The dask will only run faster if you have really big computational tasks, because there the work can be done in ~10 (depending on your CPU) parallel processes, rather than threads. But this does give a lot of overhead, if you have small tasks then you’re probably better off with your current implementation which has a lot less overhead.

For me another reason to use dask is that you can very easily use the same code but run your webapp and your dask cluster on separate machines.
I plan to host my panel application on microsoft azure, but if you host there and choose hardware sufficient for the heavy computation stuff you will pay a lot of money for hardware that most of the time will be doing nothing. So then by separating both you can rent minimal hardware to keep the GUI responsive and then elsewhere on azure host the Dask part where you can pay per CPU/GPU cycle.
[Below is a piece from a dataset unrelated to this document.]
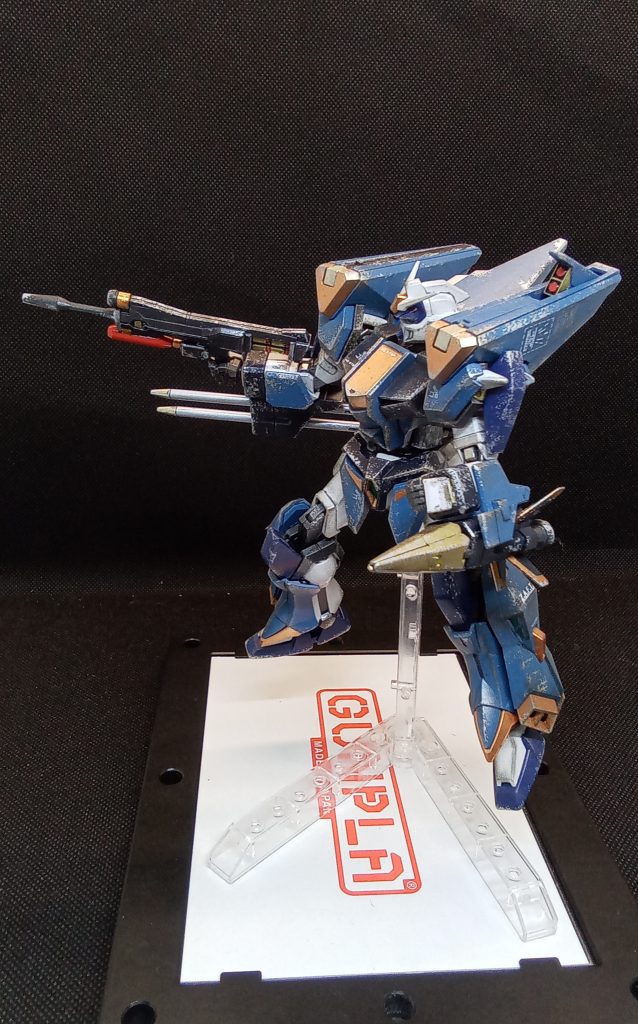 金銀のメタリック塗装が出来て満足♪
But this is all still very much in the stage of this is the plan, I havent yet started putting dask/panel on azure.

3 Likes

Thanks for the detailed answer!!!

For now I am just playing on my laptop but at some point we will implement it on our local server with IIS. I will try to test Dask at that time.

1 Like

Sure, here’s a crude example of live BTC/USDT price data via API:

Just change the emitting code in notebook 1 to this:

import requests, json, time

while True:
    # Crude example for live data
    r = requests.get("https://www.binance.com/api/v3/avgPrice?symbol=BTCUSDT").text
    r = json.loads(r)
    # response only contains avg price of last 5min, so let's add the current timestamp
    df = pd.DataFrame({"date":pd.datetime.utcnow(),
                       "price":r["price"]},index=[0]).set_index("date")
    df.price = df.price.astype(np.float64)
    
    # Emit to stream
    source.emit(df)
    
    # Wait 50ms due to API limit
    time.sleep(0.05)

This will just get the avg price for the last 5min every 50ms

Then, in notebook 2, change the example df to contain the price & date label, with the corresponding dtypes, and use the hv.Curve plot instead:

# Example df for buffer
df = pd.DataFrame({"date":np.array([],dtype="<M8[ns]"),
                   "price":np.array([],dtype=np.float64),
                   }).set_index("date")

# Buffer that updates plot
buffer = Buffer(data=df)

# Some example curve plot
dmap = hv.DynamicMap(hv.Curve, streams=[buffer])

Result:

This is the easiest example I could think of for live data via API.
Please let me know how I could help if you want to put this in the gallery/docs.

~Fred

1 Like

Thanks for that example!
I had issues with add_next_tick_callback. So, this helps! : )

I’m using dask because I want to separate the data collection/processing from the charting.